Welcome to the Lental Region
New Pokemon Snap takes you to the Lental region, an archipelago with multiple environments filled with Pokemon. The Lental region is also the home of the Illumina phenomenon, which makes Pokemon glow for unknown reasons. To research this phenomenon, Professor Mirror and his Laboratory of Ecology and Natural Sciences (L.E.N.S.) have set up shop in the region, and he’s sending you out to these different biomes to snap Pokemon pictures.
It’s the same setup as the original Pokemon Snap, only it’s set in a new region and with a new cast. Of course, it’s all an excuse to send you on photo safaris across the Lental islands. Although there are numerous Pokemon to photograph, they’ll all be familiar; new Pokemon are generally reserved for mainline series games, such as Pokemon Sword and Shield.
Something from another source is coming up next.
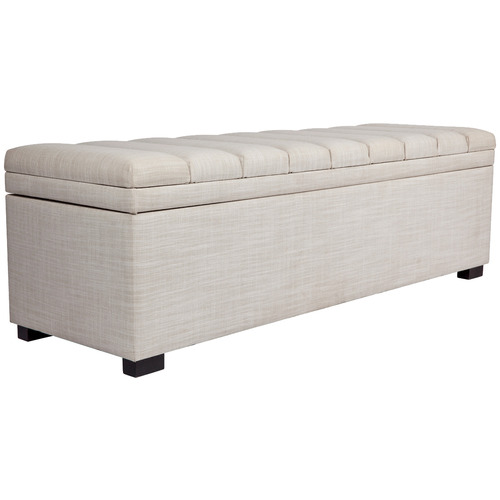 Off-White Pelee Upholstered Storage Ottoman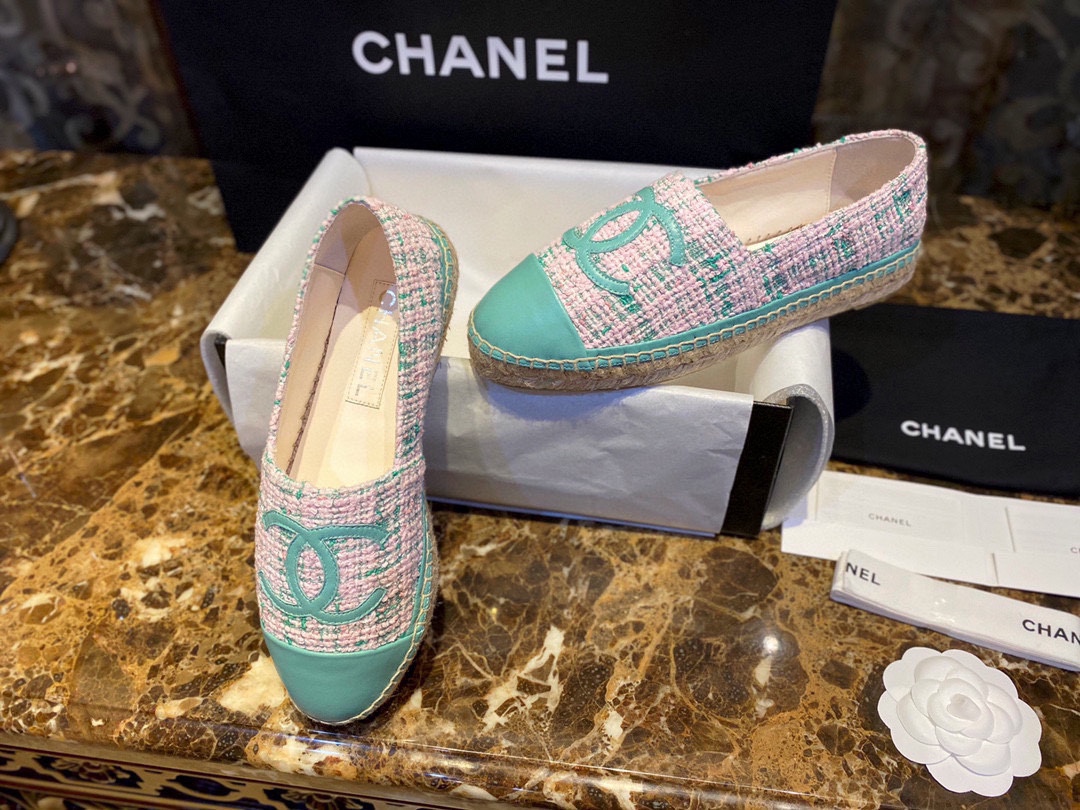 Chanel Sheepskin and Pink Green Tweed Half-Loafer Espadrilles Shoes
Like in the original game, New Pokemon Snap places you in a protective vehicle that trundles through the game’s various courses. This makes Pokemon Snap feel as much like a rail shooter as it feels like a photography game, forcing you to carefully time your pictures and interactions to get the best angles. A free-exploration, first-person Pokemon Snap game similar to Bugsnax would be much more liberating, but then it arguably wouldn’t be a Pokemon Snap game. The preset track through the different areas is a fundamental part of how the game is structured. It also keeps the game organized in bite-size chunks; each course takes only a few minutes to complete.
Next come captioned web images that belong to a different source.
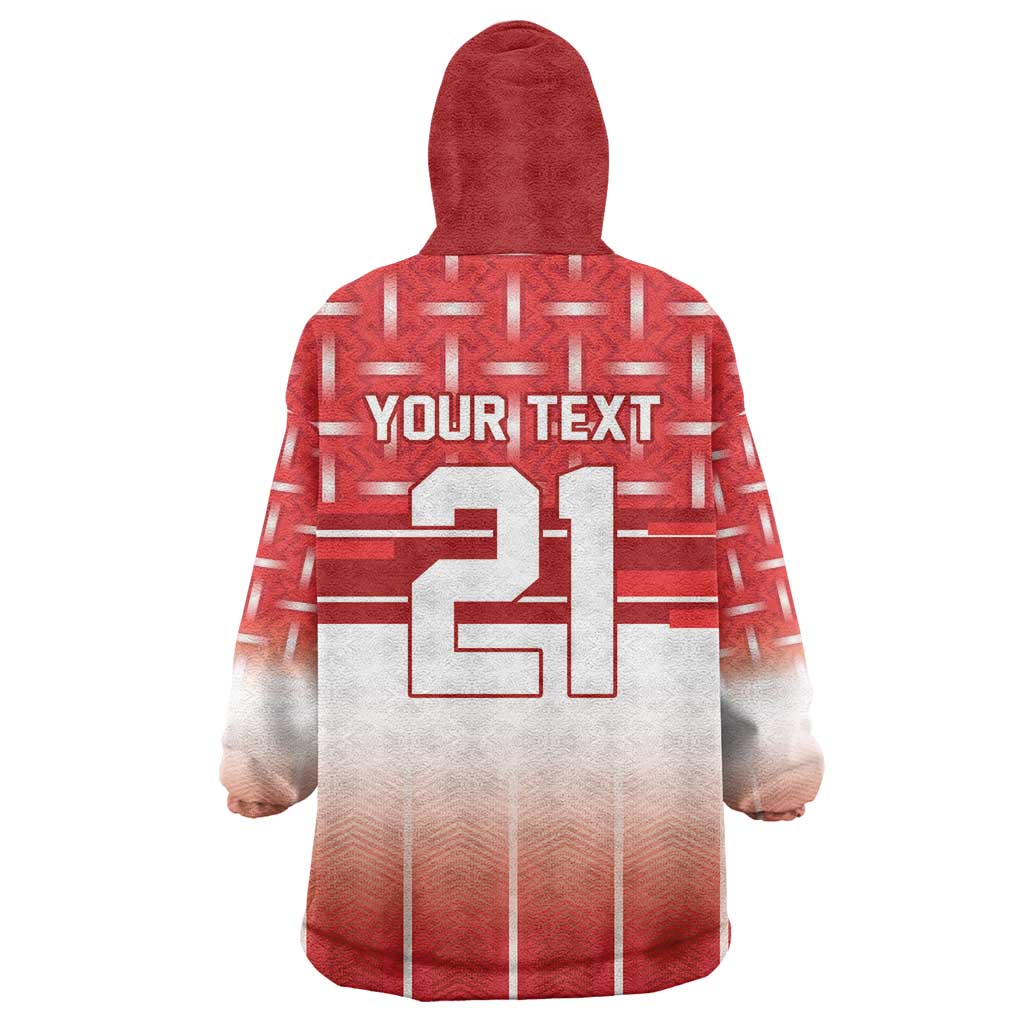World Football Morocco Custom Kid Wearable Blanket Hoodie 1994 Away Retro Red Jersey - Wonder Print Shop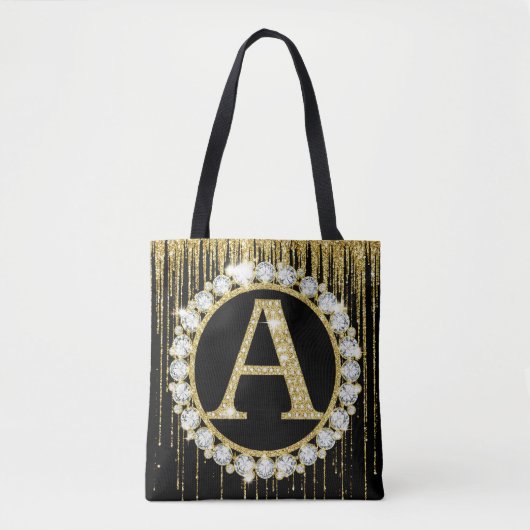 Gouden Glitter Drip Monogram Eén Persoonlijke Init Tote Bag (Voorkant)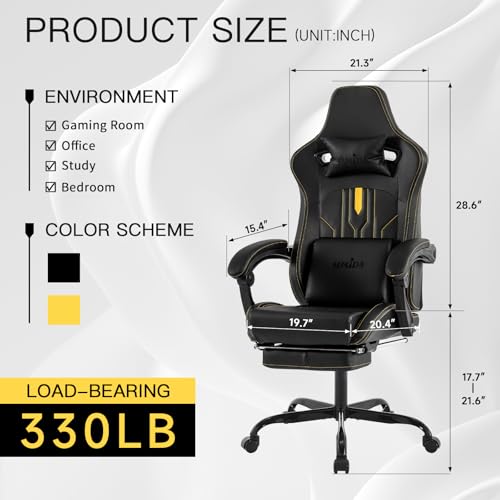 SUKIDA Gaming Chair Massage - Gamers Choice Gaming Chairs for Adults, Reclining Ergonomic Gamer with Footrest Pc Computer Comfy Leather Swivel Recliner Adjustable Backrest Lumbar,  image 7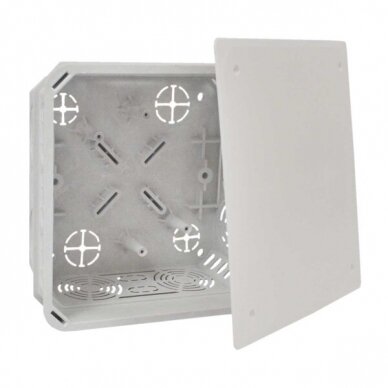 Distribution mounting box | grey | flush-mounted in wall | 153x153x77mm Distribution mounting box | grey | flush-mounted in wall | 153x153x77mm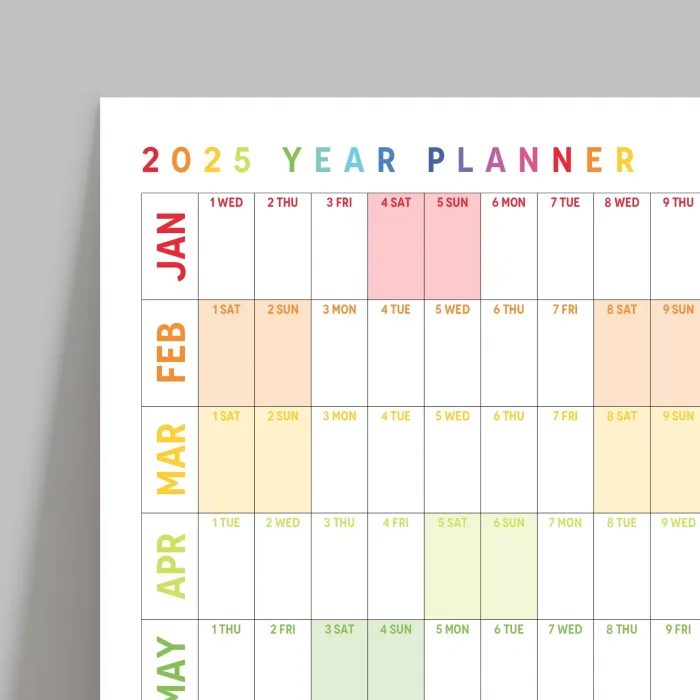 2027 Yıllık Planlayıcı Duvar Takvimi, Gökkuşağı Renkleri, Rainbow, Yatay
How to Take New Pokemon Snap Photos
You’re tasked with taking photos of Pokemon in each course, spinning around in a 360-degree, half-dome formed by the NEO-ONE vehicle, and zooming in on every interesting sight you find. The controls are simple, with the right analog stick moving the camera in a wide swath and the left analog stick moving an in-frame cursor that shifts the camera for precise aiming. You can also enable motion controls to move the camera around by tilting the Joy-Cons, Switch Pro Controller, or Switch Lite. Pulling the ZL trigger zooms in a fixed amount, and pressing A takes a photo.
You can freely snap pictures, and have enough camera memory for several dozen every time you go through a course, but angles and timing aren’t the only factors for getting the best shots. You can throw fruit at Pokemon to feed or disturb them with the B button, throw Illumina balls to make them light up with the Y button, and play melodies to make them dance with the R bumper. You can also scan your surroundings with the X button, which emits a pulse that flushes out Pokemon. That said, the scan is much more useful for highlighting interesting sights where Pokemon may be hidden, and displaying alternate course routes.
An Eye for Framing
This is a photo game, but don’t expect photorealistic graphics. New Pokemon Snap looks sharp and colorful, but it ultimately has about the same level of detail as Pokemon Sword and Shield, just much more close-up. Characters are modeled after the anime, and Pokemon look similar to Sword and Shield’s in-game models. The Pokemon are much more animated, however, with far more movement and a wider number of actions as they play around in each environment. New Pokemon Snap looks good for a Pokemon game, but it doesn’t seem to be pushing the Switch particularly hard in terms of detail. Compare that to the almost disturbingly realistic Pokemon in Pokken Tournament, which was also developed by Bandai Namco.
You’re scored on each new photo you add to your Photodex, based on a number of criteria. The bigger and more centered the Pokemon is in frame, the more research points you get. You receive more points if the Pokemon is facing you, and if there are multiple Pokemon in the picture. Size and position are the most important factors in your photo score, which shows that Professor Mirror doesn’t have much respect for photographic composition and the Rule of Thirds.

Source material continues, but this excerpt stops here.